◆ EXERCISE GOAL ◆
Go from the first line below to the one with "Путін, падіння, хокей" and print each line exactly.

[Short web captions]
--------------------

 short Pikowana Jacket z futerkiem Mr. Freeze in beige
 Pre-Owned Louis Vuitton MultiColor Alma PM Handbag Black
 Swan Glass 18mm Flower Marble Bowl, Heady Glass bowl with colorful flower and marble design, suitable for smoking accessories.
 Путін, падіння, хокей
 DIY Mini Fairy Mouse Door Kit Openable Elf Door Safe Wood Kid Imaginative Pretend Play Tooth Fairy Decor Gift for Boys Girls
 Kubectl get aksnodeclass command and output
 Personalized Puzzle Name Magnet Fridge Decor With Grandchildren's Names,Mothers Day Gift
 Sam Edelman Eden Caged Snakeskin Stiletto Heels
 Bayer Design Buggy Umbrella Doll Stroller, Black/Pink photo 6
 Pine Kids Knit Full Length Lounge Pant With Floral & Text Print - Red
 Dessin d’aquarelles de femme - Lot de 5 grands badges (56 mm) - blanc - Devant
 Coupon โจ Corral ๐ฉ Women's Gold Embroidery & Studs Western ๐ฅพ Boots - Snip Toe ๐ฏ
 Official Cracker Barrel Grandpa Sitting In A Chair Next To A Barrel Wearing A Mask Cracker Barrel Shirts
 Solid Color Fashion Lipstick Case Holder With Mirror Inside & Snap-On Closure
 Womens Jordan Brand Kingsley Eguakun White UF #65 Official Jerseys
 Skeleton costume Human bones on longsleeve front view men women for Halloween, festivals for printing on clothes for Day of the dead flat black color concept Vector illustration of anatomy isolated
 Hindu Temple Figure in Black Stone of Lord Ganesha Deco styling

--------------------

◆ WRITTEN SOLUTION ◆
 short Pikowana Jacket z futerkiem Mr. Freeze in beige
 Pre-Owned Louis Vuitton MultiColor Alma PM Handbag Black
 Swan Glass 18mm Flower Marble Bowl, Heady Glass bowl with colorful flower and marble design, suitable for smoking accessories.
 Путін, падіння, хокей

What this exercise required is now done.